Metrics
Defining dataset-level metrics for reward aggregation
Most datasets use mean (accuracy) as the metric for reward aggregation. However, certain datasets may choose to use other metrics.
Harbor provides a few common metrics. If you require a custom metric, we currently support implementing a Python script that expects certain flags to be set and is executed using uv run.
Available metrics
Harbor provides metrics for sum, min, max, and mean.
To define a metric for a registered dataset, you can populate metrics field in the dataset's registry.json object. Datasets can contain multiple metrics.
Here is an example of a dataset with multiple metrics:
{
"name": "my-dataset",
"version": "1.0",
"description": "A description of the dataset",
"metrics": [
{
"type": "mean"
},
{
"type": "max"
}
]
"tasks": [
{
"name": "task-1",
"git_url": "https://github.com/my-org/my-dataset.git",
"git_commit_id": "1234567890",
"path": "task-1"
},
...
]
}Custom metrics
Currently, custom metrics are only supported locally. Please raise a GitHub issue if you want support for hosted custom metrics.

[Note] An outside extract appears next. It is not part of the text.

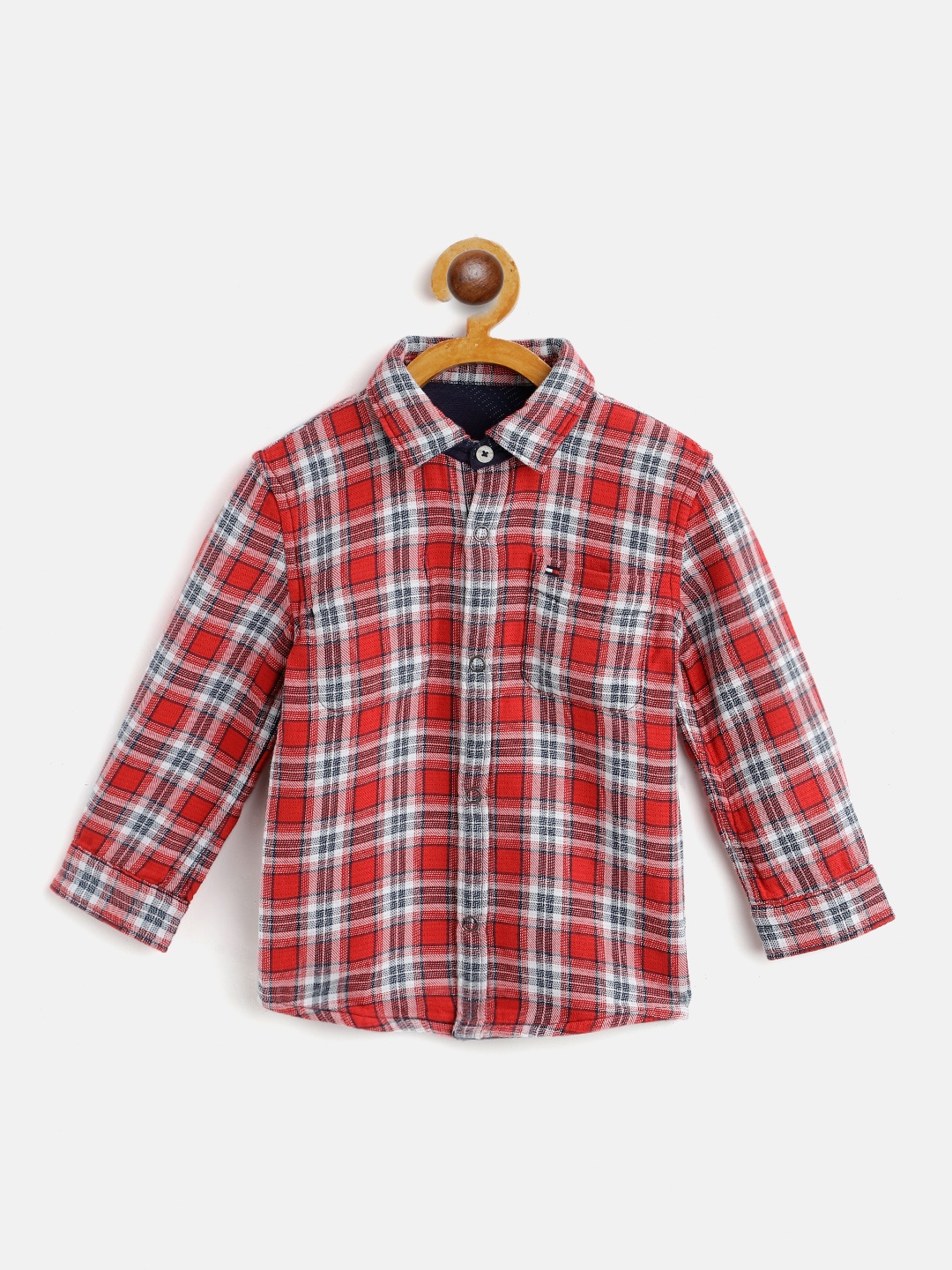 

Tommy Hilfiger Boys Red & White Regular Fit Checked Pure Cotton Casual Shirt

To implement a custom metric, you will add the following metric to your dataset:
...
{
"type": "uv-script",
"kwargs": {
"script_path": "my_custom_metric.py"
}
}
...The script itself should expect two flags:
| Flag | Description |
|---|---|
-i | Path to a jsonl file containing rewards, one json object per line. |
-o | Path to a json file where the metric will be written as a json object. |
For example, your script might be run with:
uv run my_custom_metric.py -i input.jsonl -o output.jsonwhere input.jsonl is the trial rewards and output.json will contain your computed metric(s). If your script requires dependencies, add them as a comment using uv's convention.

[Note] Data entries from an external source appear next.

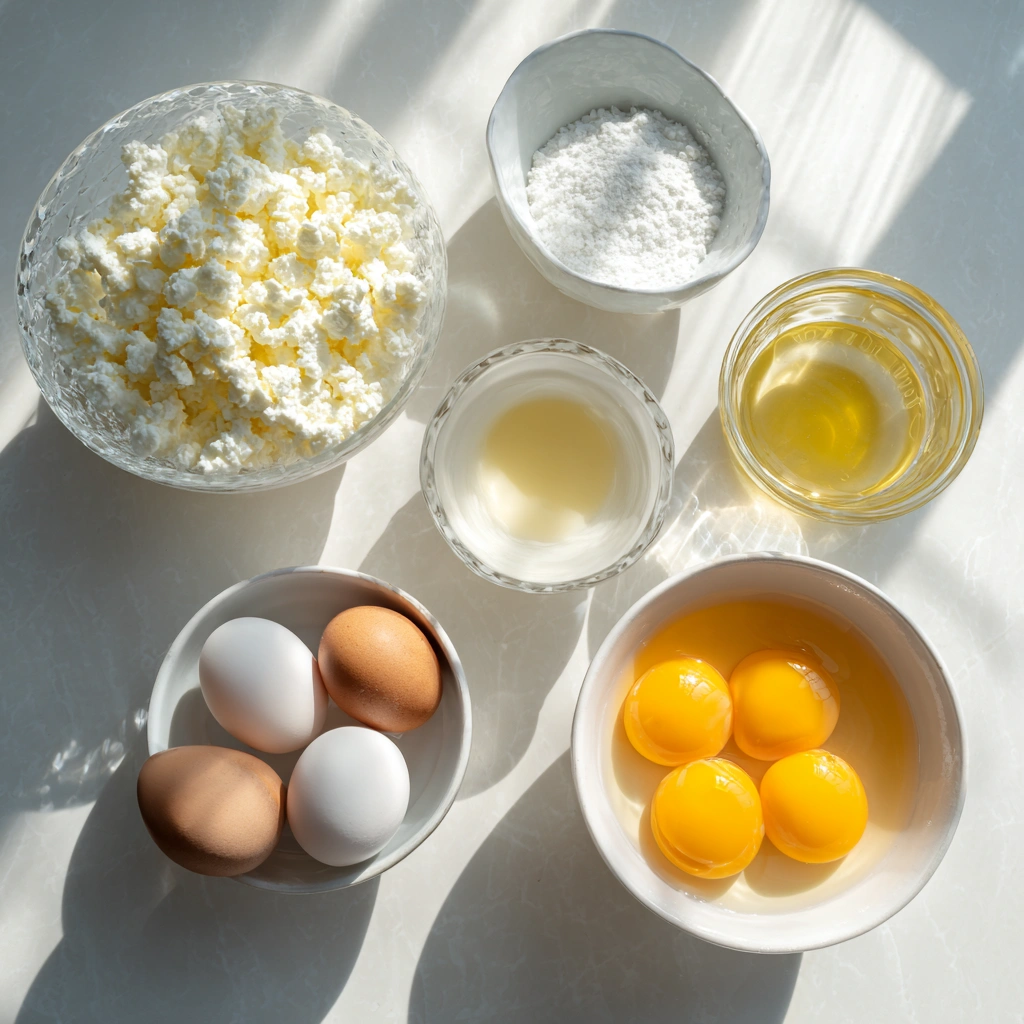 ingredients of Cottage Cheese Yogurt Egg Cheesecake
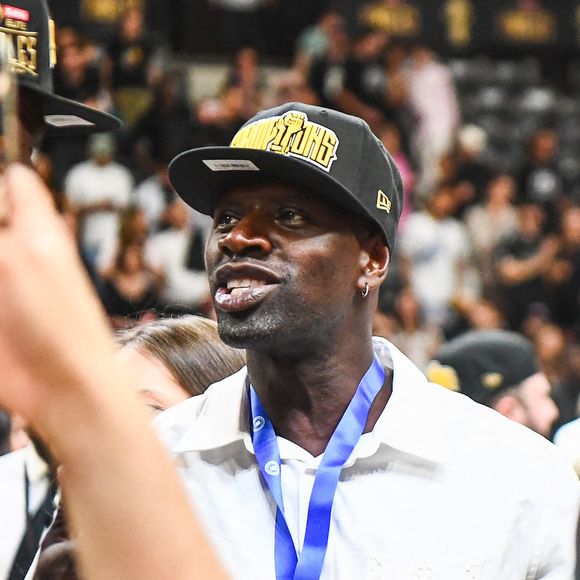 Omar SY célèbre pendant le match 5 de la finale Betclic Elite entre Paris et Monaco à l'Adidas Arena le 24 juin 2025 à Paris, France. Photo by Emilian Baldow/Icon Sport/ABACAPRESS.COM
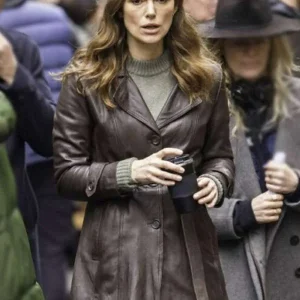 Helen Webb Black Doves S01 Brown Leather Coat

Here is an example of a custom metric script:
# /// script
# dependencies = [
# "numpy==2.3.4",
# ]
# ///
import argparse
import json
from pathlib import Path
import numpy as np
def main(input_path: Path, output_path: Path):
rewards = []
for line in input_path.read_text().splitlines():
reward = json.loads(line)
if reward is None:
rewards.append(0)
elif len(reward) != 1:
raise ValueError(
f"Expected exactly one key in reward dictionary, got {len(reward)}"
)
else:
rewards.extend(reward.values())
result = np.mean(rewards)
output_path.write_text(json.dumps({"mean": result}))

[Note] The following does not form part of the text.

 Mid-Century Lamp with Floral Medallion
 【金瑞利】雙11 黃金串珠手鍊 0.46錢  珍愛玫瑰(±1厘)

if __name__ == "__main__":
parser = argparse.ArgumentParser()
parser.add_argument(
"-i",
"--input-path",
type=Path,
required=True,
help="Path to a jsonl file containing rewards, one json object per line.",
)
parser.add_argument(
"-o",
"--output-path",
type=Path,
required=True,
help="Path to a json file where the metric will be written as a json object.",
)
args = parser.parse_args()
main(args.input_path, args.output_path)